▸ **TASK TO COMPLETE**: Although the data below contains pictures, output only the lines between those holding "BNI menggelar Customer" and "Building Photo - 3", inclusive, exactly and without those pictures.

▸ **RECORDS SHOWN**:
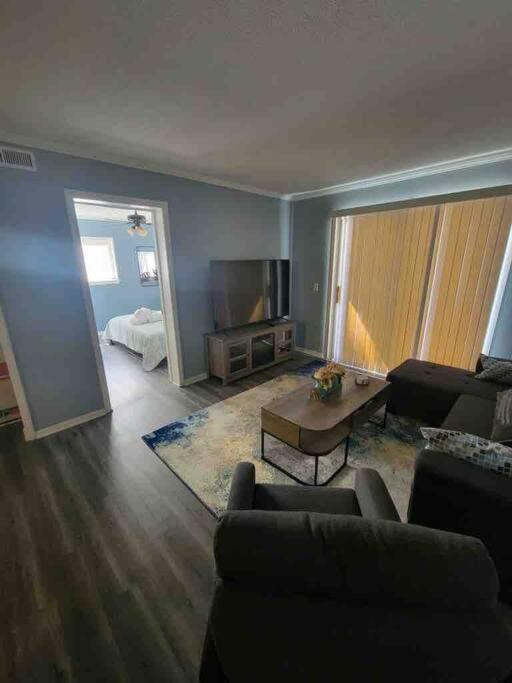 2022 Renovated 2-Bdrm Cozy, Lovely Condo W/Parking! Hilton Head Island Kültér fotó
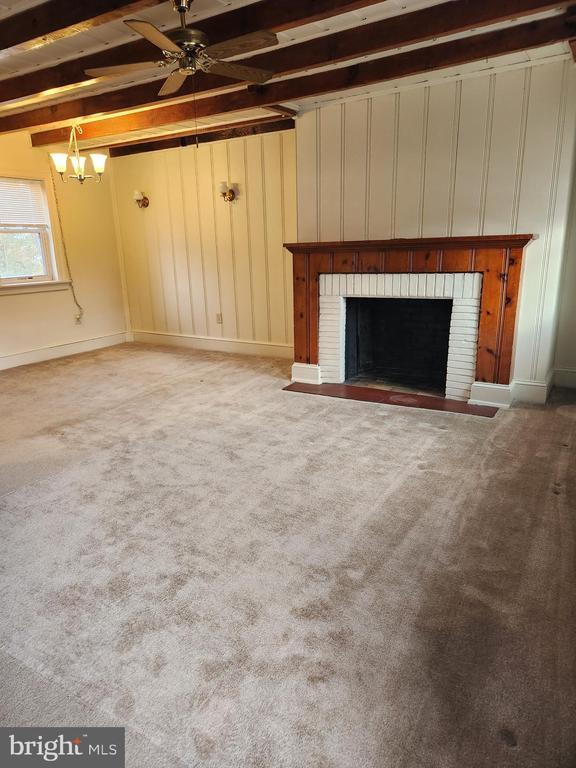 Building Photo - 9062 Washington St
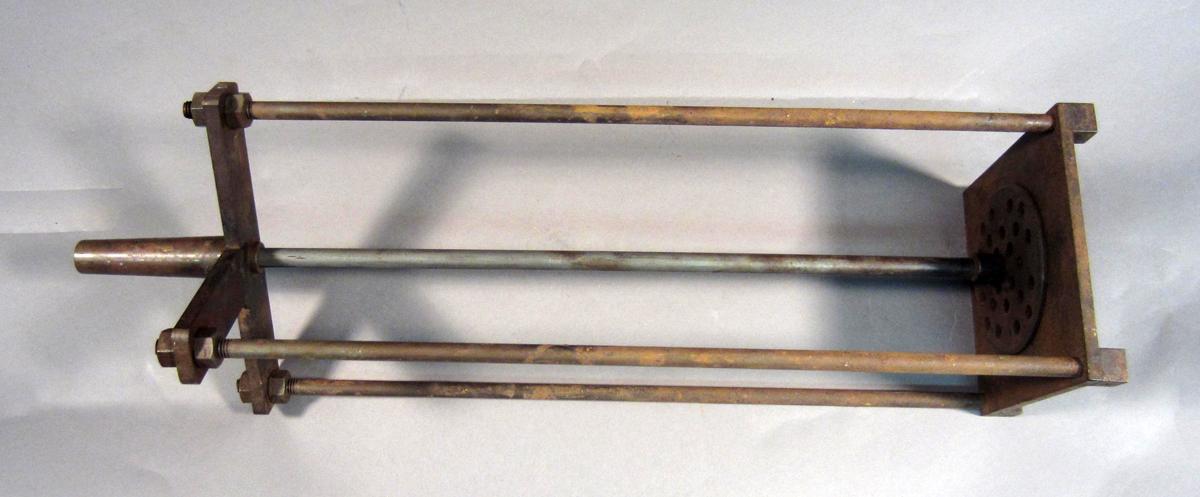 1986.0050.812 Pressing frame, View 1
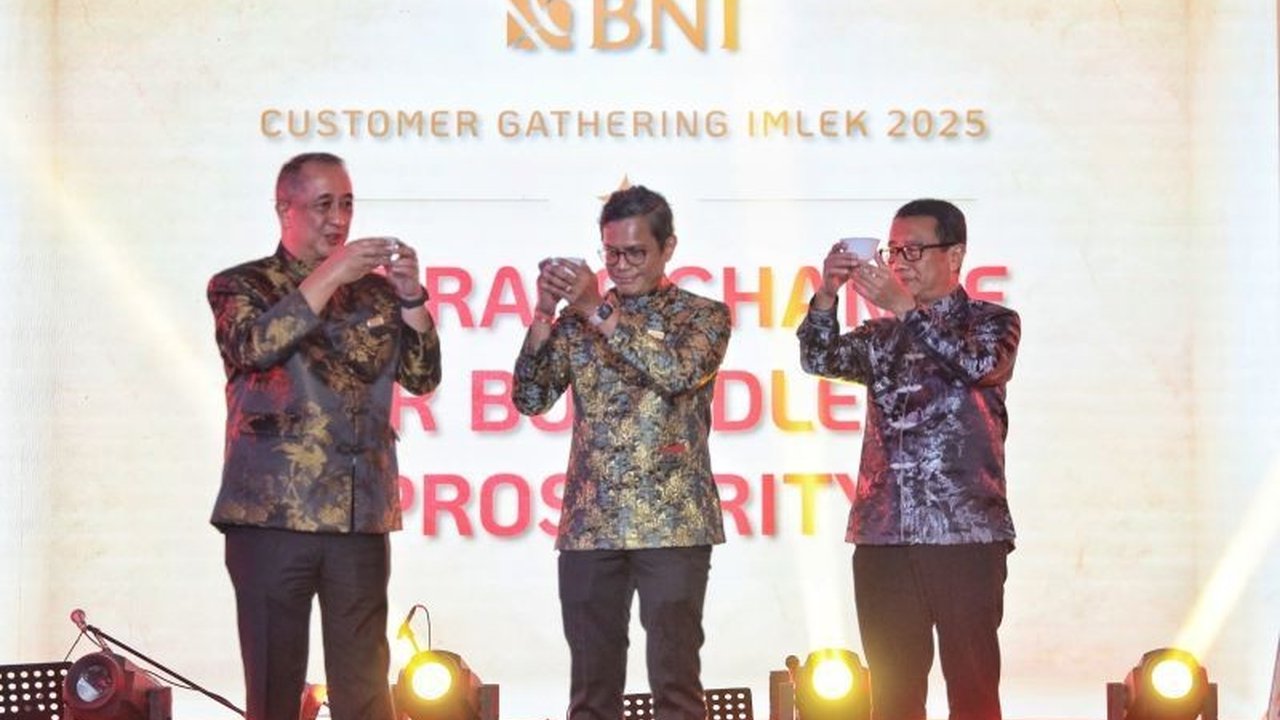 BNI menggelar Customer Gathering Imlek 2025, mengajak nasabah dan mitra bisnis untuk memanfaatkan momentum Tahun Baru Imlek sebagai transformasi menuju kemakmuran, di tengah pertumbuhan laba yang positif.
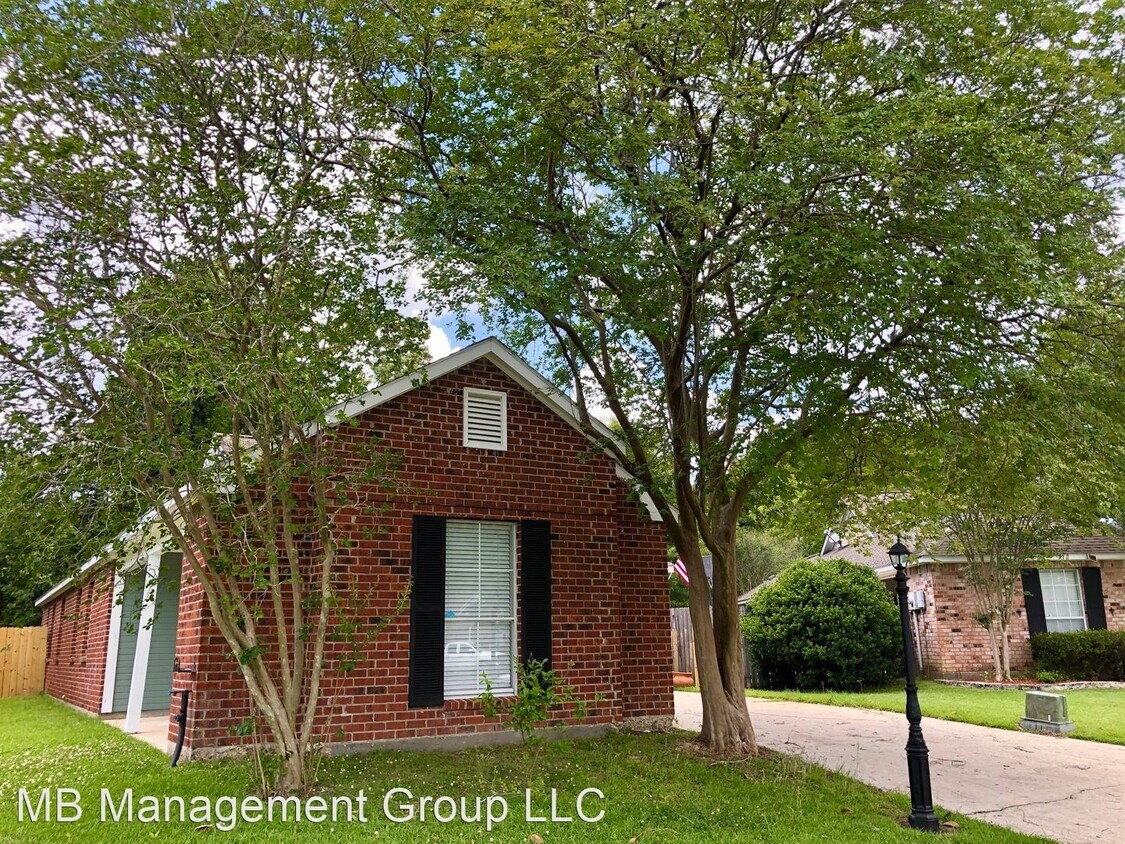 Building Photo - 3 br, 2 bath House - 522 Fawn Lake Drive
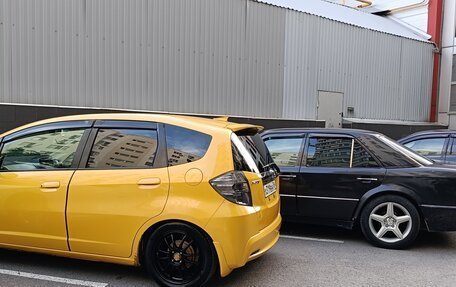 Honda Fit III, 2011 год, 990 000 рублей, 24 фотография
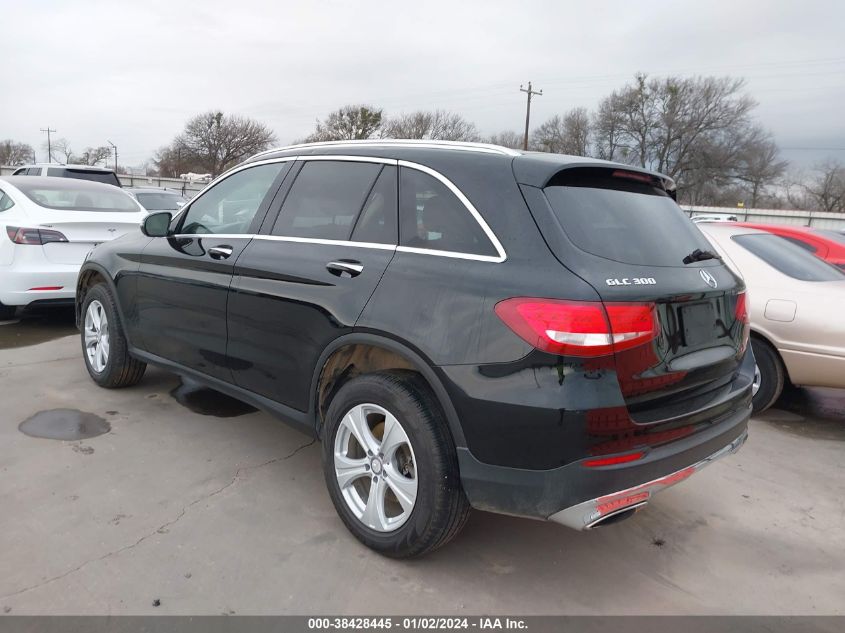 2016 MERCEDES-BENZ GLC 300 - WDC0G4JB0GF078590
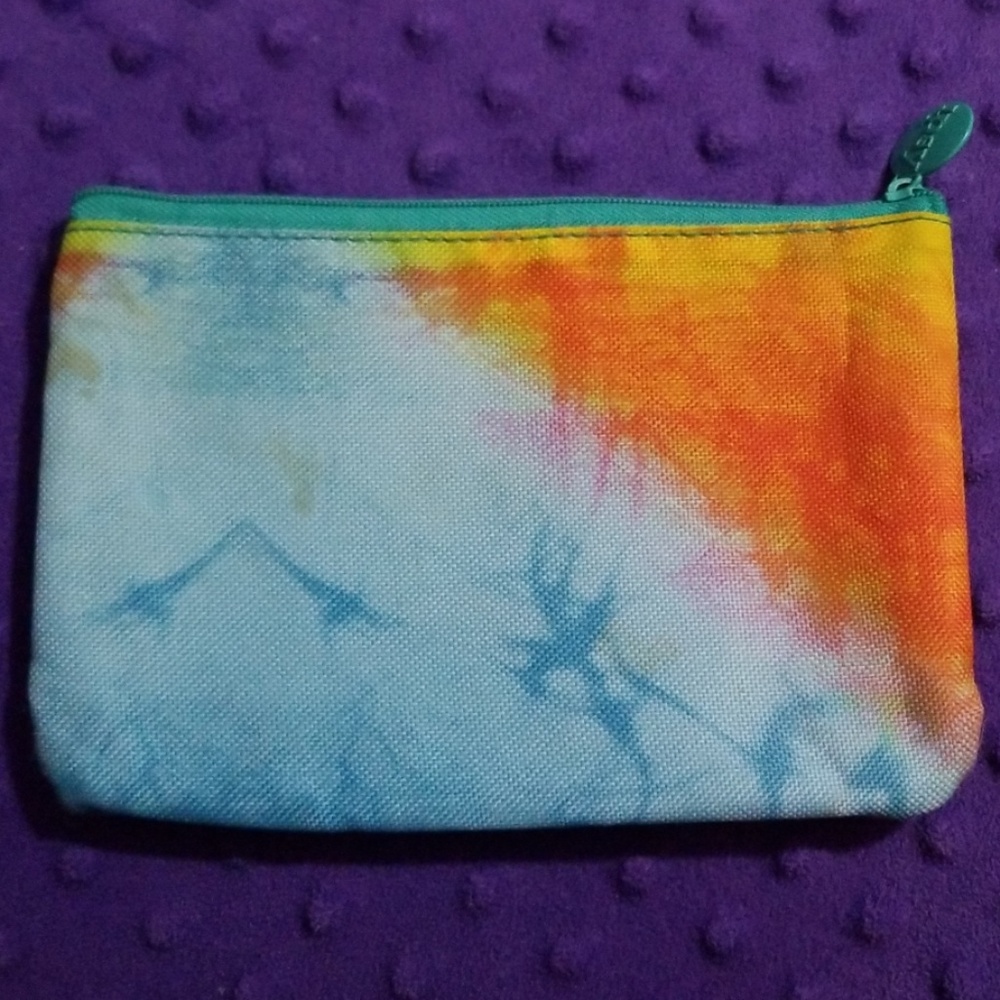 Ipsy bag - Picture 2 of 3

▸ **TASK RESPONSE**:
 BNI menggelar Customer Gathering Imlek 2025, mengajak nasabah dan mitra bisnis untuk memanfaatkan momentum Tahun Baru Imlek sebagai transformasi menuju kemakmuran, di tengah pertumbuhan laba yang positif.
 Building Photo - 3 br, 2 bath House - 522 Fawn Lake Drive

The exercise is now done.